Among the destructive and vastly communicable viral infections of poultry the most devastating disease is Newcastle Disease (ND) caused by a virus belong to genus Avulavirus of paramyxoviridae family, avian paramyxovirus-1. The NDV causes huge economic losses to the Poultry Industry. The available vaccines failed to protect the birds from the disease; this project is designed to find reasons of the vaccine failures. Keeping in view the importance of outbreaks reported due to NDV and adverse effects on Poultry Industry a study was conducted to examine the function of the cleavage site of Fusion protein sequencing, in Newcastle Disease Virus virulency through Reverse Transcriptase Polymerase Chain Reaction via objective to find the genetic variations among the different isolates of Newcastle Disease field viruses in Lahore District.

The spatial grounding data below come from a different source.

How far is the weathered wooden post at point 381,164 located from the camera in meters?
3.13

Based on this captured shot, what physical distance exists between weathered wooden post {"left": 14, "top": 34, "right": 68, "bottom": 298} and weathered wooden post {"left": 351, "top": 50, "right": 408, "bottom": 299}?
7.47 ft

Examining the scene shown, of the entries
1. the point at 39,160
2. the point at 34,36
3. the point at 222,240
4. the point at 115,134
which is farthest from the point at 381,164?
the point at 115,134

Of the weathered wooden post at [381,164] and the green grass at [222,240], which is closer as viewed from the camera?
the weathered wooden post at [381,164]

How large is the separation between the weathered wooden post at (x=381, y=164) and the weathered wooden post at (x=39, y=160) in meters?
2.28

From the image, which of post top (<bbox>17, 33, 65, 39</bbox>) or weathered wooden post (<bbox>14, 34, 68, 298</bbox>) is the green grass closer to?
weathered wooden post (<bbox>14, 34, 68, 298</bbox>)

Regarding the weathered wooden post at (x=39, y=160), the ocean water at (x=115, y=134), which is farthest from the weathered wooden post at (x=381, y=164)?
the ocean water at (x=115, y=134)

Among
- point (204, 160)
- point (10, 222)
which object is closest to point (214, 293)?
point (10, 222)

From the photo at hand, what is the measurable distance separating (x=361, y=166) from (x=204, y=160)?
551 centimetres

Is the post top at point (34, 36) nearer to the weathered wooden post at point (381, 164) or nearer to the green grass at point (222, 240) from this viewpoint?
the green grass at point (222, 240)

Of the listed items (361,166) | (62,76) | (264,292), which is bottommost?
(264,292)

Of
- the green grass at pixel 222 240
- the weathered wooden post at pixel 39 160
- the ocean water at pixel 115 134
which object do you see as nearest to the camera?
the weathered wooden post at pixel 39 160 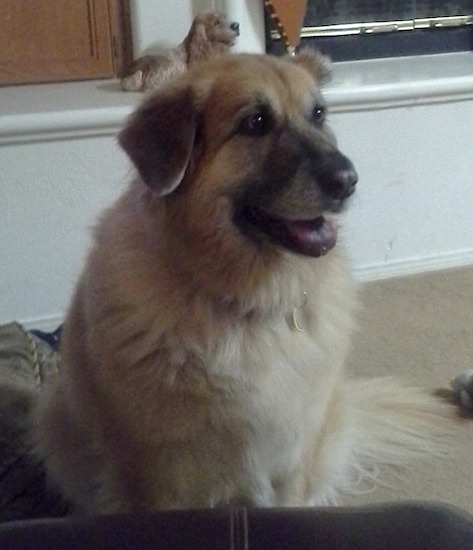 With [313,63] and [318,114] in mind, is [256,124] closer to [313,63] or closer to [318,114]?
[318,114]

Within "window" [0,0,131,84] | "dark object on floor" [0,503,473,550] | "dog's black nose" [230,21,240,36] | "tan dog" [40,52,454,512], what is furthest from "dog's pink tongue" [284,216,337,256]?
"window" [0,0,131,84]

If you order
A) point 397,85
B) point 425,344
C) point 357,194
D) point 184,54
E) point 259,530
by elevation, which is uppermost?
point 184,54

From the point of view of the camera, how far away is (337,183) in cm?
108

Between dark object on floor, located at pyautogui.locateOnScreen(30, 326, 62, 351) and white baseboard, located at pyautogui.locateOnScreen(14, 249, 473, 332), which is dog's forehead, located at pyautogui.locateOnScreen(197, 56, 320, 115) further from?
white baseboard, located at pyautogui.locateOnScreen(14, 249, 473, 332)

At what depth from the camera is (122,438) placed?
1143 millimetres

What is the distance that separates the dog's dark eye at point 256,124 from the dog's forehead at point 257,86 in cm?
2

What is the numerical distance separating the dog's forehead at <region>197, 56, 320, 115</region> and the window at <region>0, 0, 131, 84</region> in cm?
130

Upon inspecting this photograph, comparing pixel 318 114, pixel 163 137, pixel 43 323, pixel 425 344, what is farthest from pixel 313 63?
pixel 43 323

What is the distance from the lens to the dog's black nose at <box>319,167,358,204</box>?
1.08 meters

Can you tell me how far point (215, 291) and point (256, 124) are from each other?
0.24 m

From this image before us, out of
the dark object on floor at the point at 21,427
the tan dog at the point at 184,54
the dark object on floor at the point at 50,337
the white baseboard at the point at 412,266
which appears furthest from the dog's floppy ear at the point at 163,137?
the white baseboard at the point at 412,266

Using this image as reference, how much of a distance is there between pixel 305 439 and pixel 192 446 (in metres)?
0.19

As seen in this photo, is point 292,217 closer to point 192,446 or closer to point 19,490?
point 192,446

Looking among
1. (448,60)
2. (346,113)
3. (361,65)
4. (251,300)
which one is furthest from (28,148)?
(448,60) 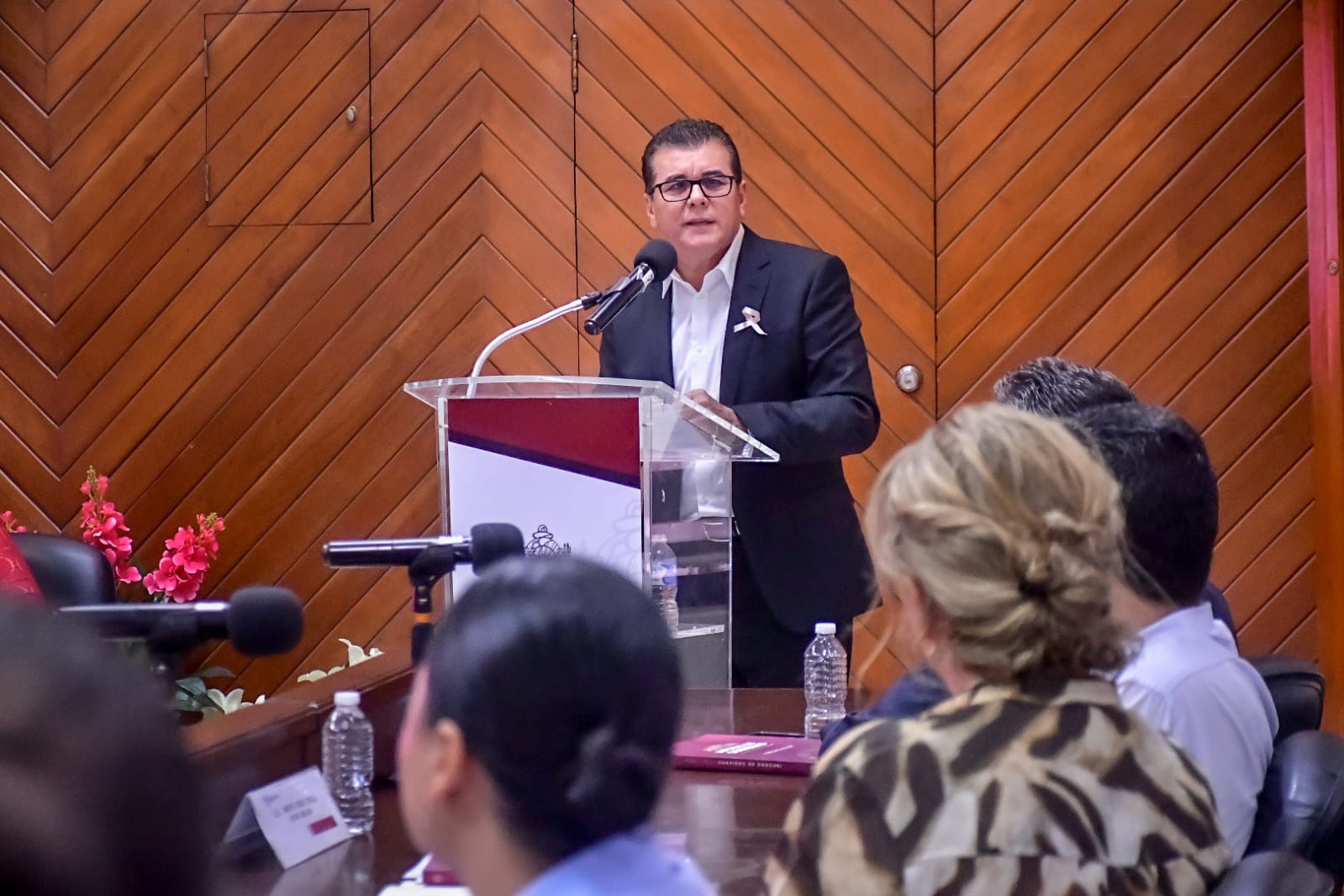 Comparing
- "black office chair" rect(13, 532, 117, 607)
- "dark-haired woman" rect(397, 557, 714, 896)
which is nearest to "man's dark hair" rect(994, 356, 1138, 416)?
"dark-haired woman" rect(397, 557, 714, 896)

One hundred suspected samples of NDV from dead and morbid birds were collected from different sources and areas of Lahore district. Prepared inoculums were inoculated in the 9-11 days old embryonated hen eggs for virus isolation. The allontoic amniotic fluid (AAF) was harvested and tested for HA activity. Further confirmation of NDV was done by using Reference NDV antiserum (HI). Out of 100 samples, 63 showed Hemagglutination activity with washed chicken RBCs and only 16 samples were repressed with specific known NDV antiserum. The remaining samples showed inhibition with known H5, H7 and H9 specific antiserum (12, 13, and 22) respectively. The isolates that were found to be positive through Hemagglutination Inhibition Test (HI) were further tested for Intra Cerebral Pathogencity Index (ICPI). ICPI was performed to characterize the isolates into Lentogenic, Mesogenic and Velogenic forms. The ICPI values obtained after pathogencity test of 16 isolates showed that only 6 isolates have the pathogenicity index above 1.5, and the remaining isolates below 1.5 and above 1, the average higher ICPI value of 16 virus isolates was 1.78.

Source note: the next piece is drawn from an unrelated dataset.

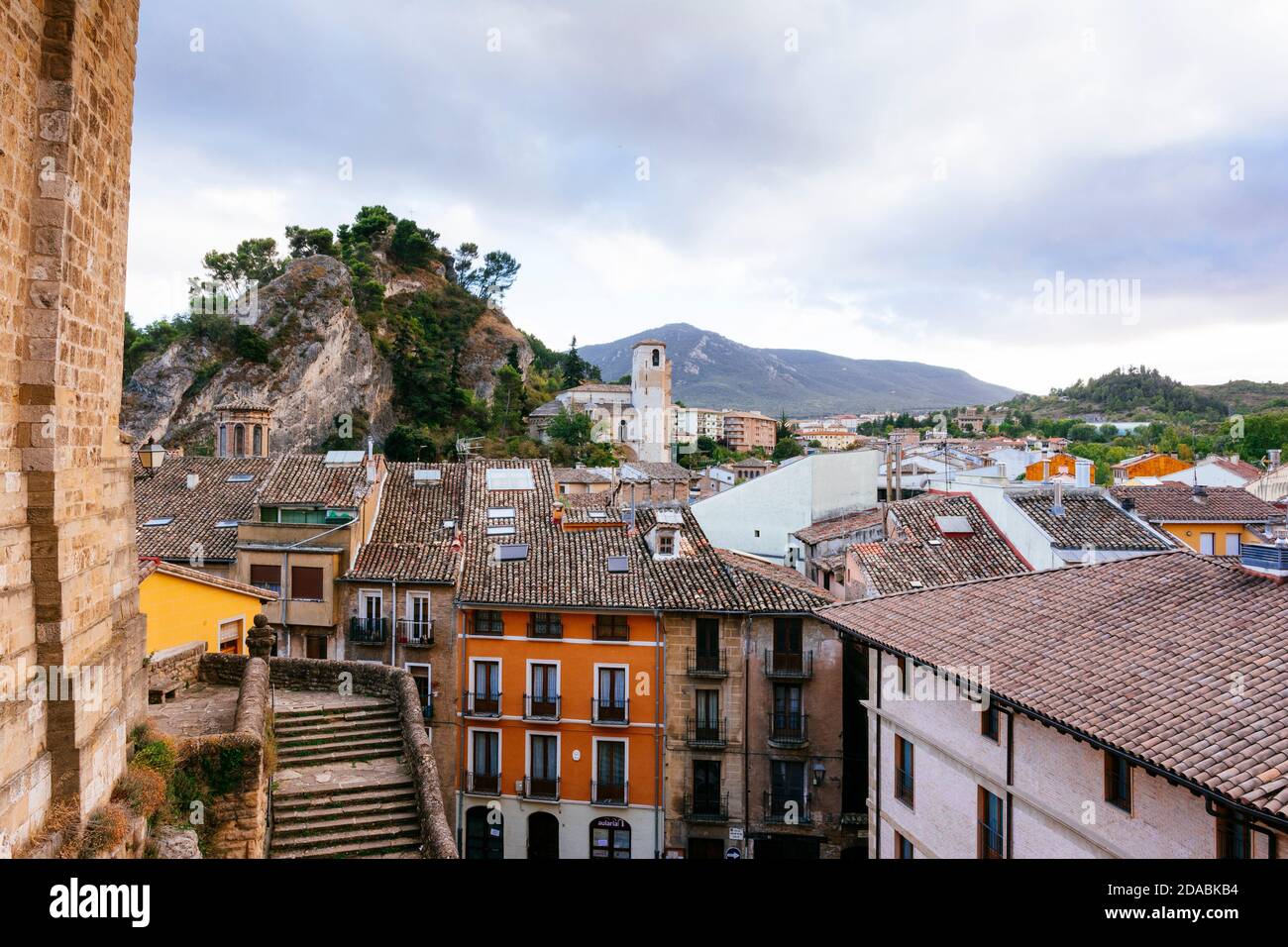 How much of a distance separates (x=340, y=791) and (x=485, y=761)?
1101cm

On the basis of Intracerebral Pathogencity index (ICPI) results only 5 samples were selected for RNA extraction and PCR amplification. The RNA extraction was performed by using kit method (High Pure RNA Isolation kit by Roche-Germany) as recommended by the manufacturer. The gene representing F protein was amplified through Reverse transcriptase polymerase chain reaction (RT-PCR).

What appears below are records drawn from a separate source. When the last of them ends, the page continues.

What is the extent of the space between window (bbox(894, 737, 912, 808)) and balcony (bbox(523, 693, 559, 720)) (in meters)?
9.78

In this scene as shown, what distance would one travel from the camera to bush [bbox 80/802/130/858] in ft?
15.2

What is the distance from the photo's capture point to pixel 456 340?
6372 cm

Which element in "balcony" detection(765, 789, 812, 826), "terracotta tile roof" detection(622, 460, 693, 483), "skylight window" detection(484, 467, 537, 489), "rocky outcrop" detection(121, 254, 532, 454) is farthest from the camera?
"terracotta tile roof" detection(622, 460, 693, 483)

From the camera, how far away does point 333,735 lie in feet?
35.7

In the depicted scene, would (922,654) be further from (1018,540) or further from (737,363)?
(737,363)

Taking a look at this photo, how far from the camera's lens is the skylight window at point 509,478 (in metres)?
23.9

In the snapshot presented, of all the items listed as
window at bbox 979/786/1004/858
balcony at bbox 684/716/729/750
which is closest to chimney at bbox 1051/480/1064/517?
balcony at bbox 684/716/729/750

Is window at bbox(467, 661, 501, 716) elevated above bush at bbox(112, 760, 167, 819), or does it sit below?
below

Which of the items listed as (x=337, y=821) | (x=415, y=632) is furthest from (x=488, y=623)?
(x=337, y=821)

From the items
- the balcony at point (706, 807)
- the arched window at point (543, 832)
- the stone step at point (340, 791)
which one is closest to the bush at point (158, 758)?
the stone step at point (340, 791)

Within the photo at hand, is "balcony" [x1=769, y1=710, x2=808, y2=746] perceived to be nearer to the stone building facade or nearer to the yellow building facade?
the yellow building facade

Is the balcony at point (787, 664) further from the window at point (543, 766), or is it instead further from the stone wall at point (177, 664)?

Nucleotide sequencing of complete (1580 bp) F gene of 1 NDV isolate was performed. The sequencing results of 1580 bp were compiled and sequence alignment of the NDV isolates, based on a variable portion covering the F-gene site, was done by using, software, ClustalW. The Neighbor-joining phylogenetic Tree was constructed with bootstrap value 1000 using software, MEGA 4.1. The phylogenetic result showed that our isolate has been distinct from Pakistani isolate and has 96% similarity with SPVC/Karachi/33/2007 (velogenic) available in GenBank.